- [ASSIGNMENT]: Each line of the records must appear in your answer exactly, with no pictures.

(Saved data entries)
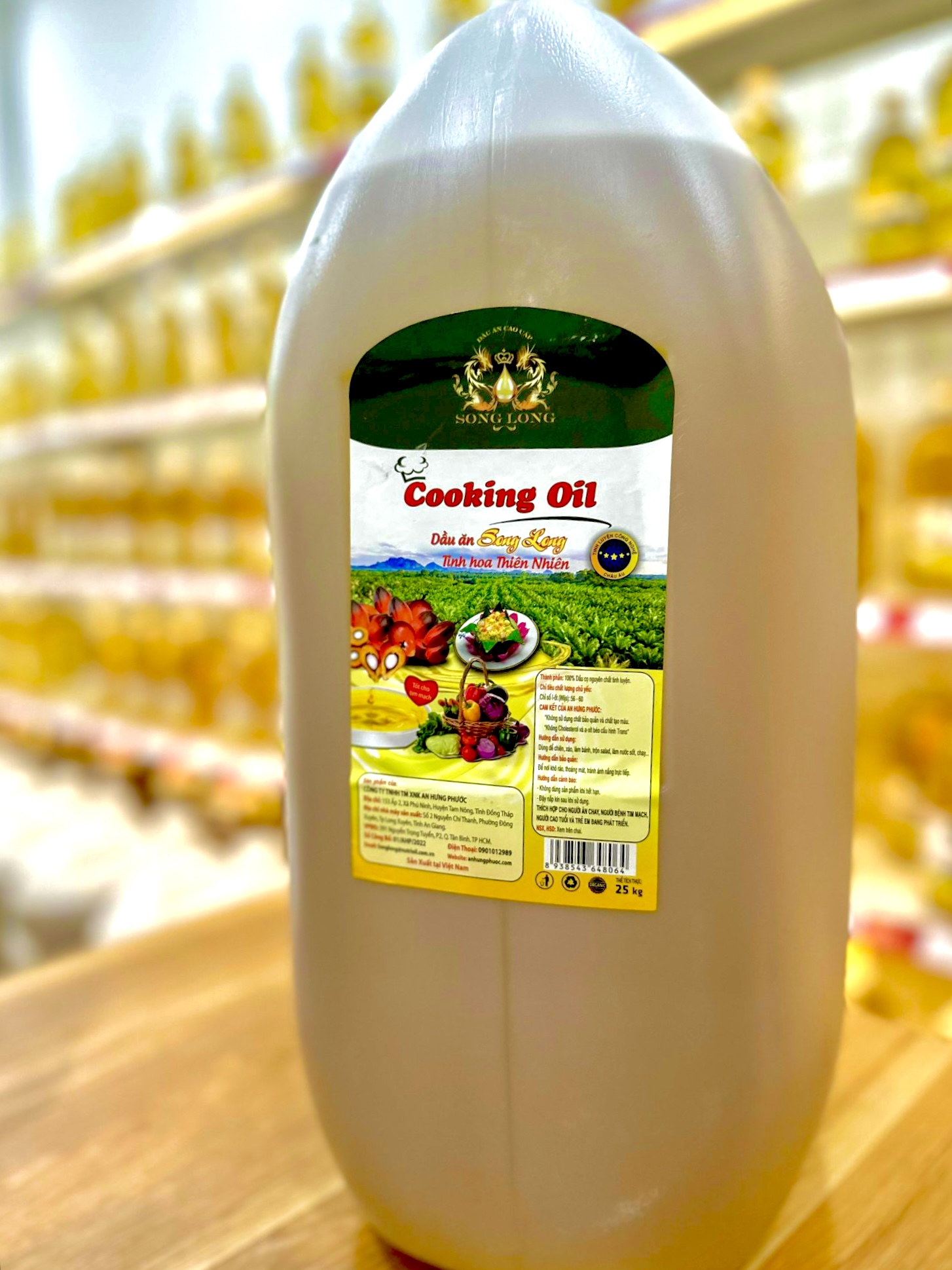 Dầu ăn Song Long Cooking Oil can 25kg  30 lít  chính hãng
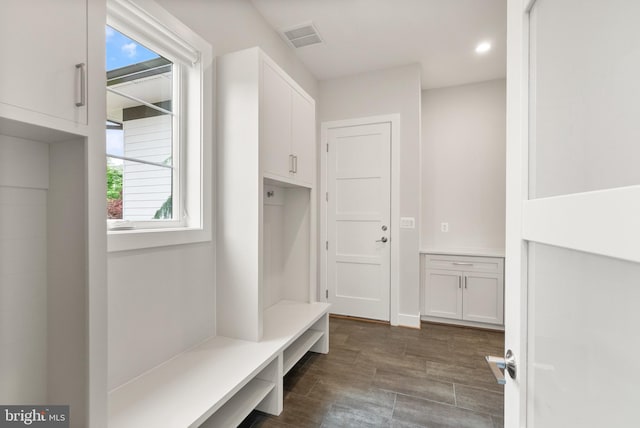 1554 Davidson Rd, Mclean, VA 22101 - mudroom featuring dark wood-type flooring and recessed lighting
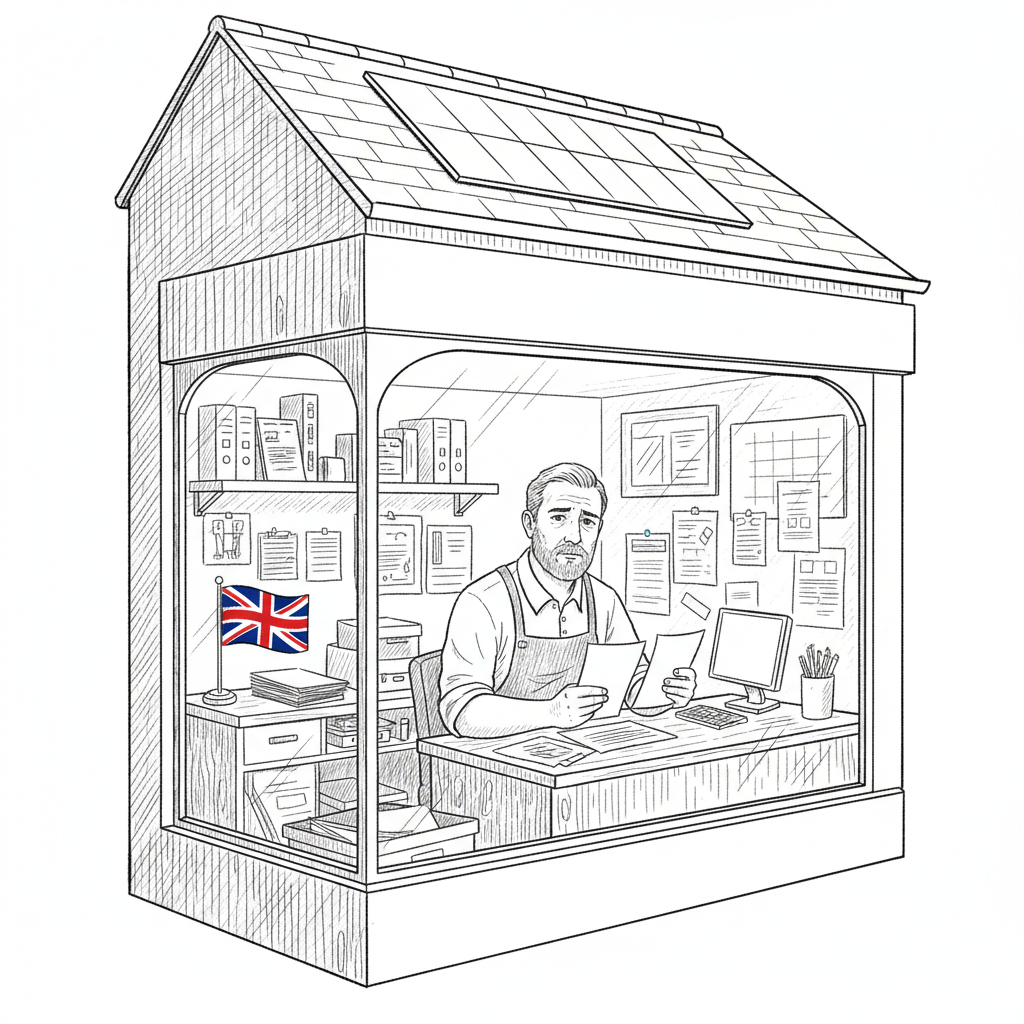 Pen-and-ink illustration of a UK small business owner considering rooftop solar and energy bills, with a small tucked-away Union Jack as the only coloured element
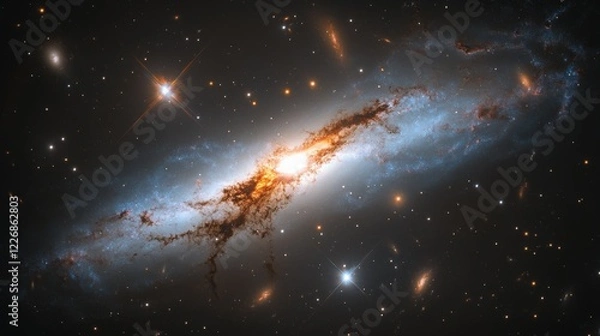Fototapeta Expansive Distant Galaxy with Glowing Stars and Swirling Nebulae in Dark Space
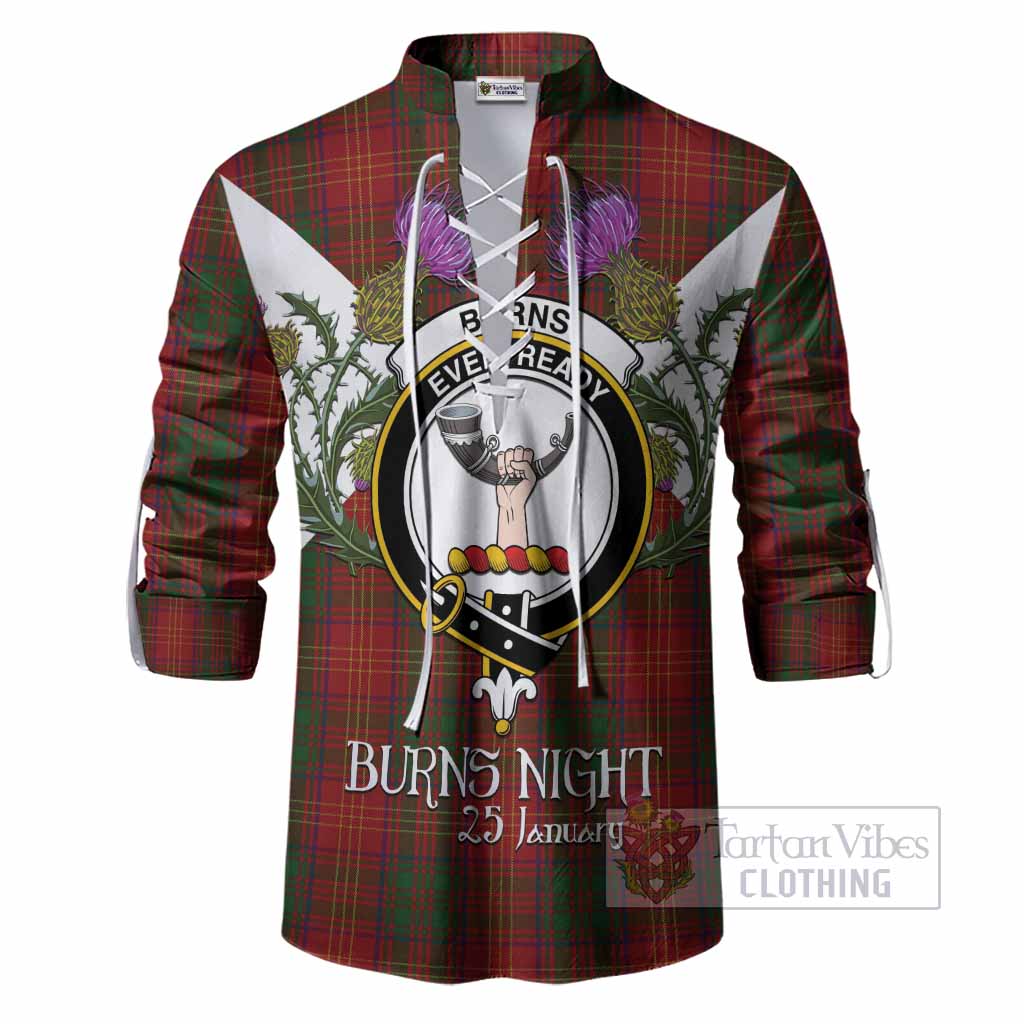 Burns Tartan Family Crest Ghillie Shirt Scottish Burns Night Thistle Floral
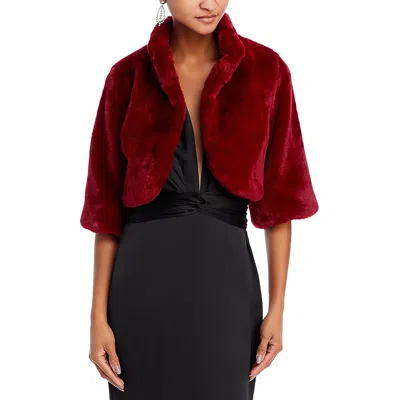 Laundry By Shelli Segal Womens Faux Fur Dressy Bolero In Red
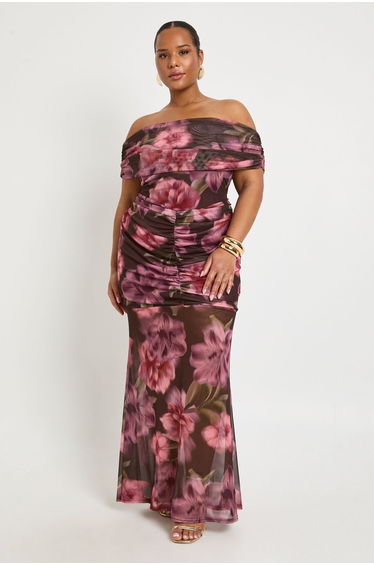 Plus Bardot Ruched Body Midaxi Dress - multi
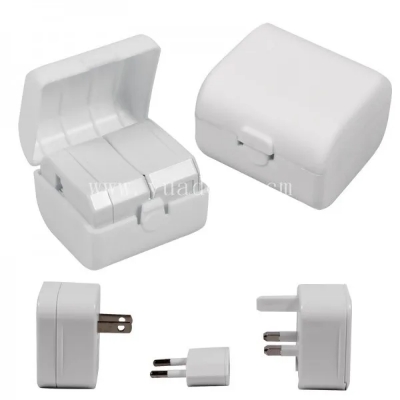 Picture of Universal Travel Adapter International Multi Plug 3-in1 Converter Multi Plug Power Socket UK/US/AU/EU/CA converter All in 1 Travel Adapter - White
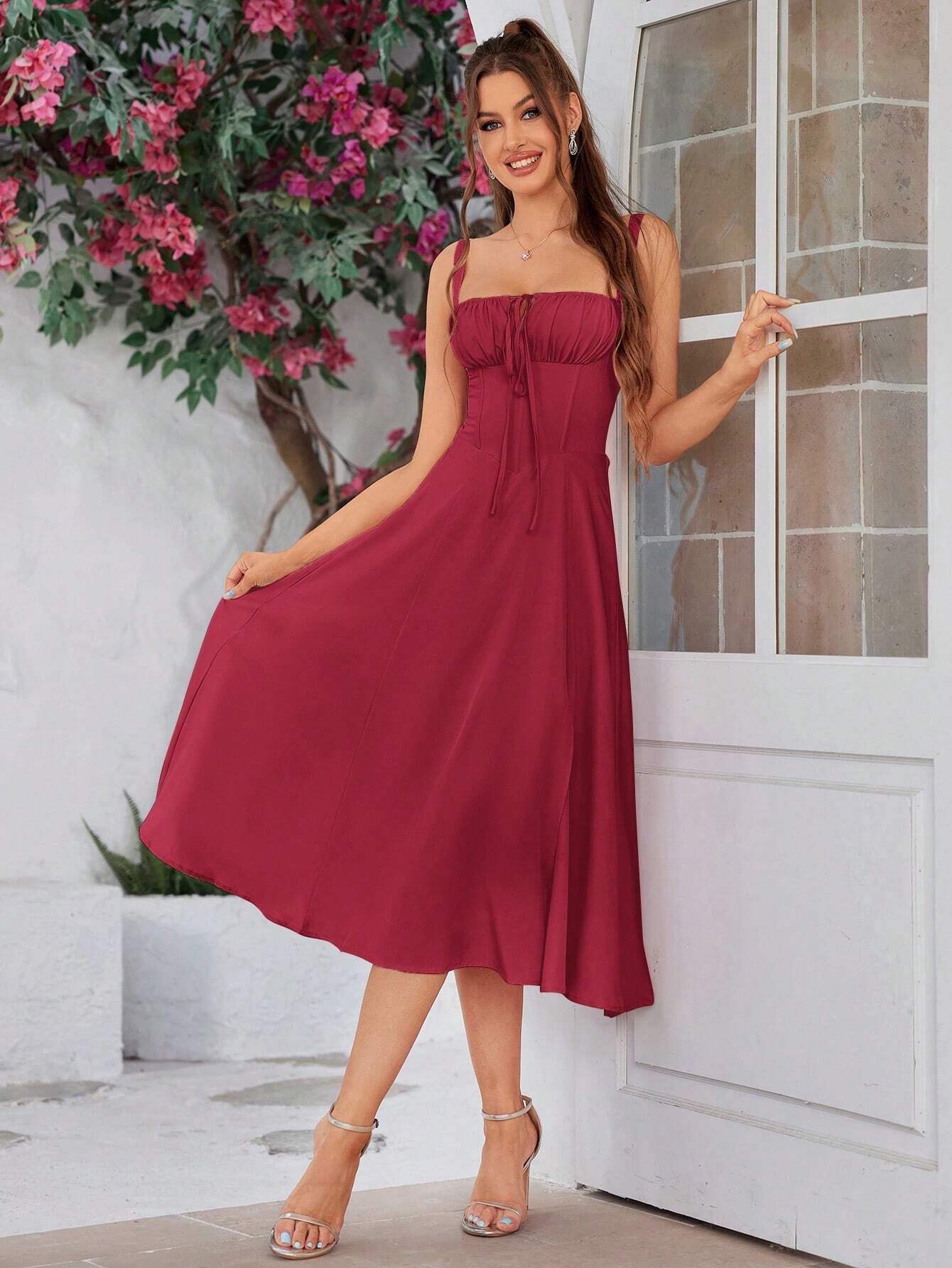 PARTHEA Backless Crisscross Lace Up Ruched Boning Corset Cami Dress Shein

- [ANSWER BOX]:
 Dầu ăn Song Long Cooking Oil can 25kg  30 lít  chính hãng
 1554 Davidson Rd, Mclean, VA 22101 - mudroom featuring dark wood-type flooring and recessed lighting
 Pen-and-ink illustration of a UK small business owner considering rooftop solar and energy bills, with a small tucked-away Union Jack as the only coloured element
Fototapeta Expansive Distant Galaxy with Glowing Stars and Swirling Nebulae in Dark Space
 Burns Tartan Family Crest Ghillie Shirt Scottish Burns Night Thistle Floral
 Laundry By Shelli Segal Womens Faux Fur Dressy Bolero In Red
 Plus Bardot Ruched Body Midaxi Dress - multi
 Picture of Universal Travel Adapter International Multi Plug 3-in1 Converter Multi Plug Power Socket UK/US/AU/EU/CA converter All in 1 Travel Adapter - White
 PARTHEA Backless Crisscross Lace Up Ruched Boning Corset Cami Dress Shein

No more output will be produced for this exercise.